The Summer Seminar will address a wide range of challenges and opportunities that electronic texts and software offer to teachers, scholars and librarians in the humanities. The focus will be practical and methodological, with the immediate aim of assisting participants in their teaching, research, and advising. It will be concerned with the demonstrable benefits of using electronic texts, typical problems and how to solve them, and how software fits or can be adapted to common methods of textual study. Participants will work on their own projects and will be given the opportunity to present them at the end of the Seminar.
In response to demand, we are expanding the Seminar in 1995 to provide a maximum of sixty places. There will be a plenary sessions throughout and six parallel tracks devoted to specific areas of humanities computing. Participants will attend all plenary sessions and select one parallel track for more detailed study.
The six parallel tracks will cover textual analysis, TEI/SGML, scholarly editing, hypertext, tools for historical analysis, and the design and planning of an electronic text center. Each track will allow for intensive work on participants' own projects and give ample opportunity for both hands-on experience with current software and seminar discussion, as appropriate.

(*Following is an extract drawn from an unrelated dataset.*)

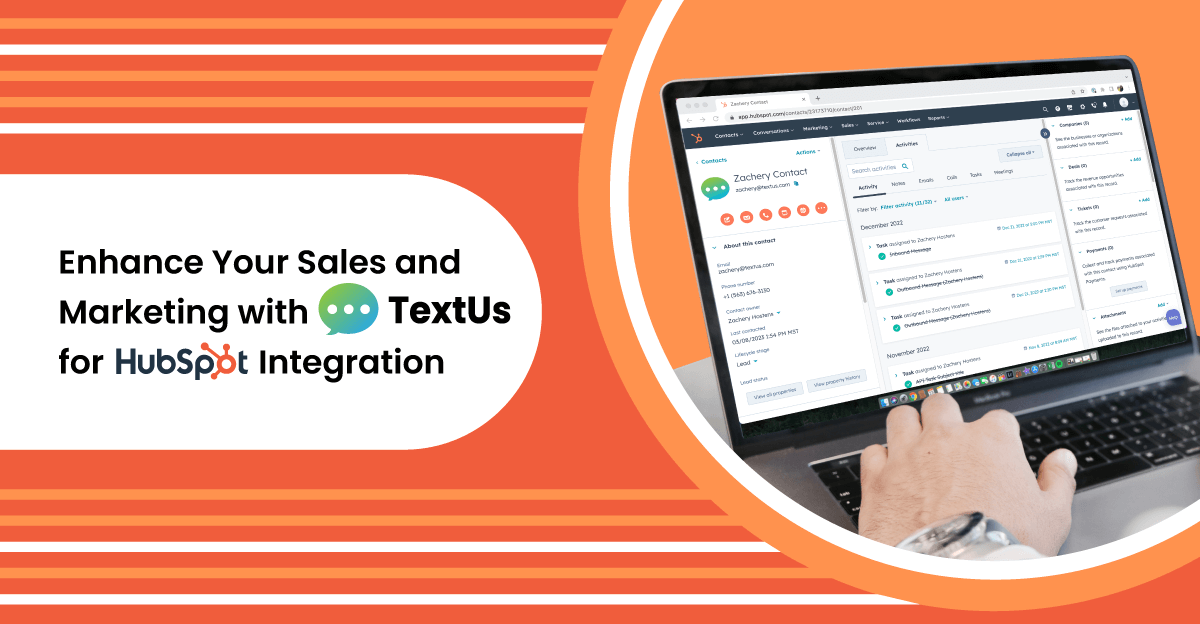 Enhance Your Sales and Marketing with TextUs for HubSpot Integration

Throughout the Seminar, the instructors will provide assistance with designing projects, locating sources for texts and software, and solving practical problems. Ample computing facilities will be available. A small library of essential articles and books in humanities computing will be on hand to supplement printed seminar materials, which include an extensive bibliography. Special lectures will describe current research in the field and address research topics as well as the role of the library in the use of electronic texts.
The Seminar is intended for faculty, students, librarians, technical advisers, and academic administrators with direct responsibilities for humanities computing support. It assumes basic computing experience but not necessarily with its application to academic research and teaching in the humanities.
Princeton University, in Princeton, New Jersey, was founded in 1746 and is the fourth oldest college in North America. Among the University's attractions are the library system, which houses abou five million printed books, 34,000 journals, manuscripts and papyri; and the Princeton Art Museum. The town of Princeton, located midway between New York City and Philadelphia, offers a variety of shops and restaurants.